EXERCISE: Write out the records word for word, with no pictures.

Excerpts from a dataset

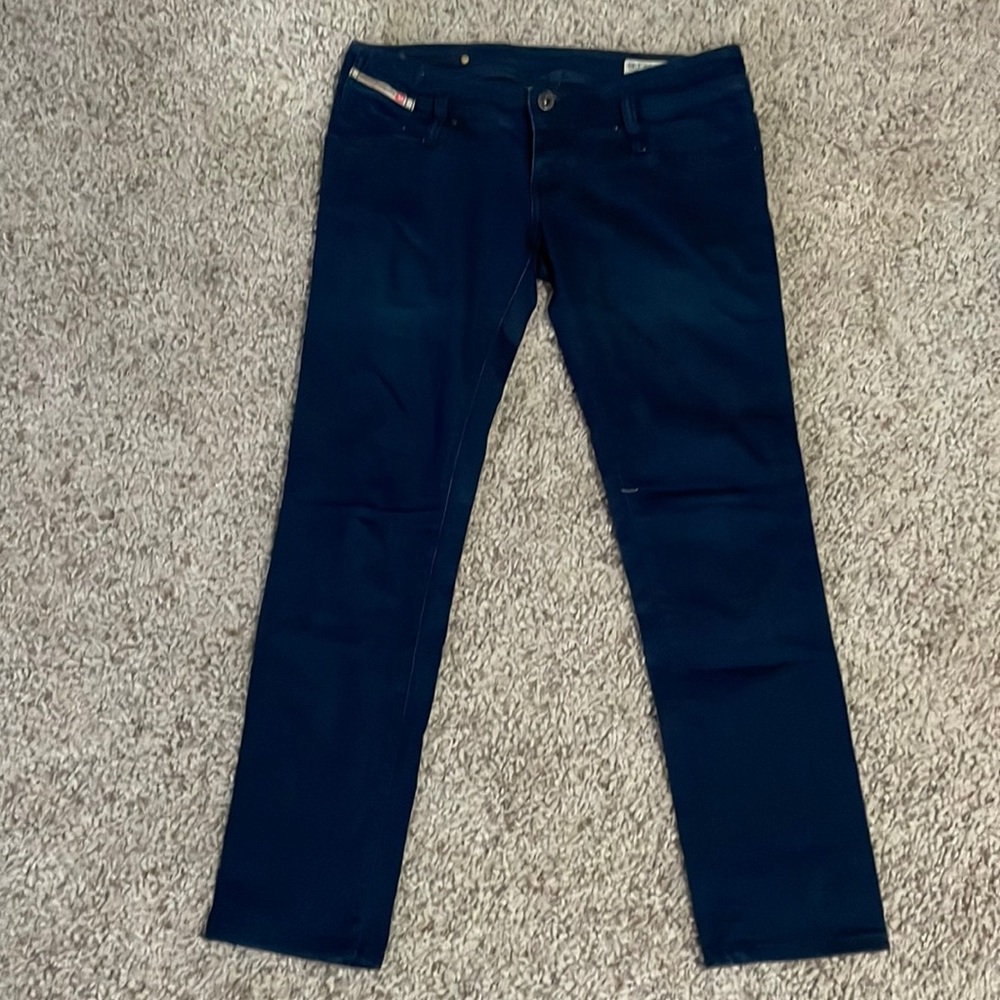 These are a dark blue, stretch denim size 29, 30 length in the low rise Matic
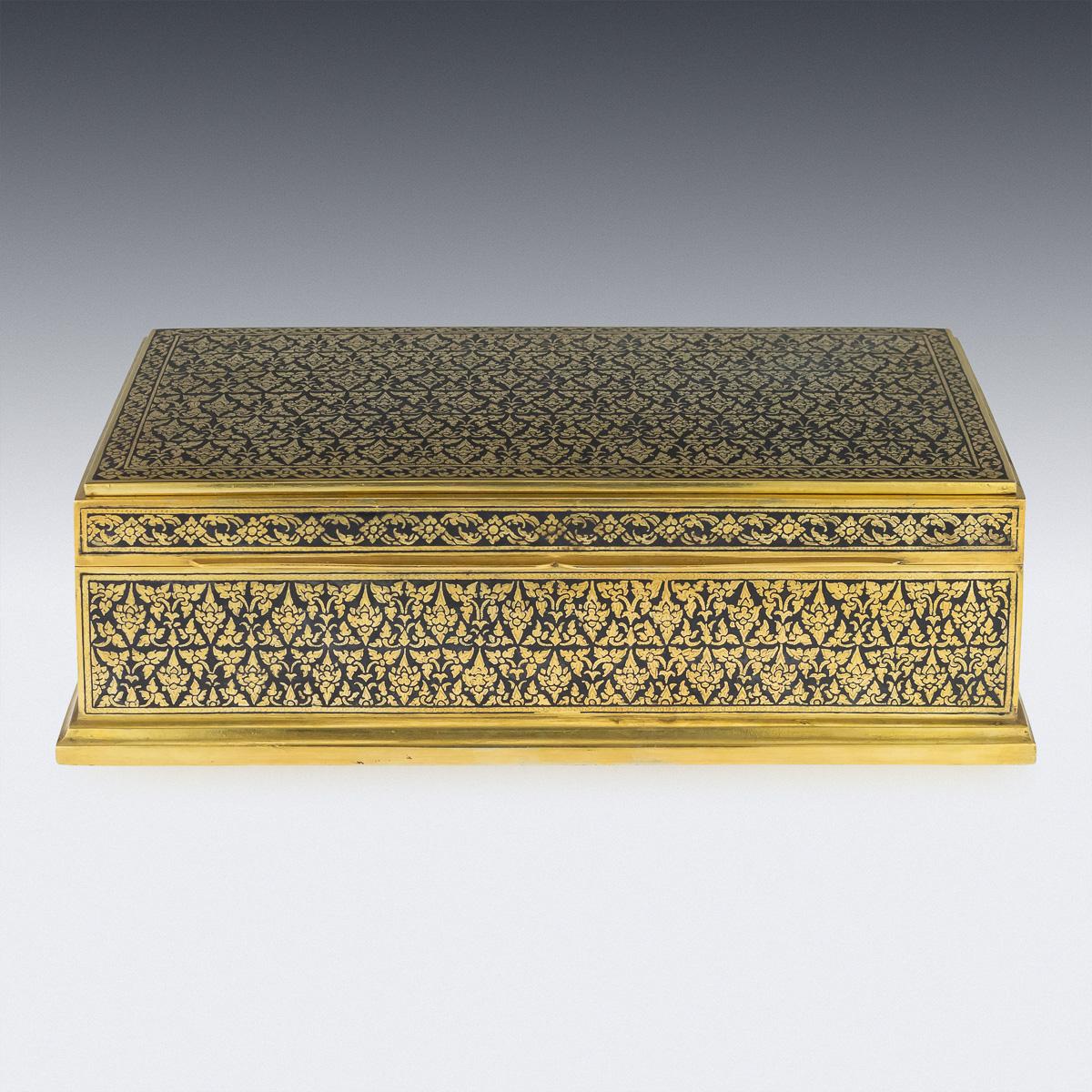 Impressive mid-20th Century Thai extremely rare and fine solid silver niello presentation box, of traditional form, decorated throughout with stylized leaves on richly gilded ground. The base is hallmarked Sterling (925 standard), Makers mark Alex &
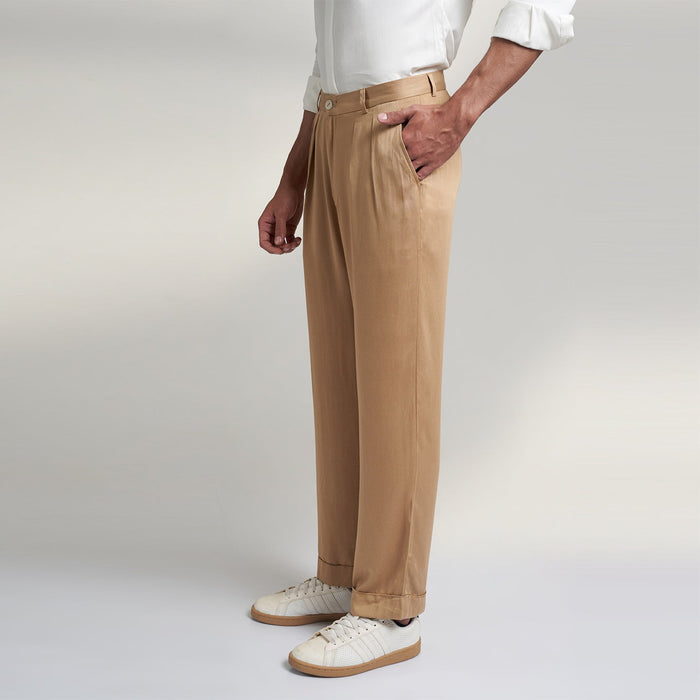 a medium size model wearing beige color trouser made from organic lotus silk fabric. the pant is a basic straight fit with 2 pleats and turn up bottom.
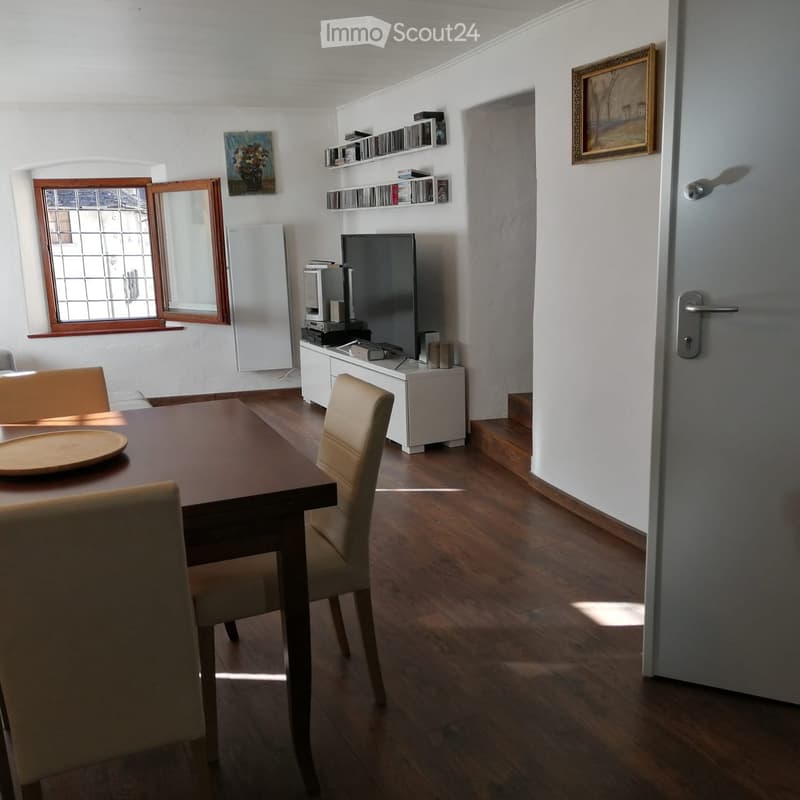 Dining area with wooden table, chairs, TV, refrigerator, shelves, and artwork on the walls.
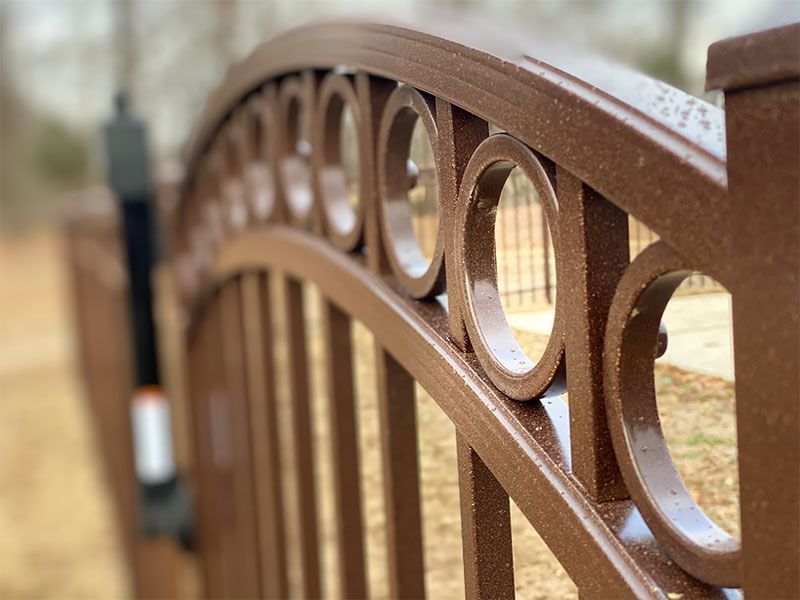 Brown metal garden bridge railing with circular cutouts in a blurred outdoor setting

YOUR RESPONSE:
 These are a dark blue, stretch denim size 29, 30 length in the low rise Matic
 Impressive mid-20th Century Thai extremely rare and fine solid silver niello presentation box, of traditional form, decorated throughout with stylized leaves on richly gilded ground. The base is hallmarked Sterling (925 standard), Makers mark Alex &
 a medium size model wearing beige color trouser made from organic lotus silk fabric. the pant is a basic straight fit with 2 pleats and turn up bottom.
 Dining area with wooden table, chairs, TV, refrigerator, shelves, and artwork on the walls.
 Brown metal garden bridge railing with circular cutouts in a blurred outdoor setting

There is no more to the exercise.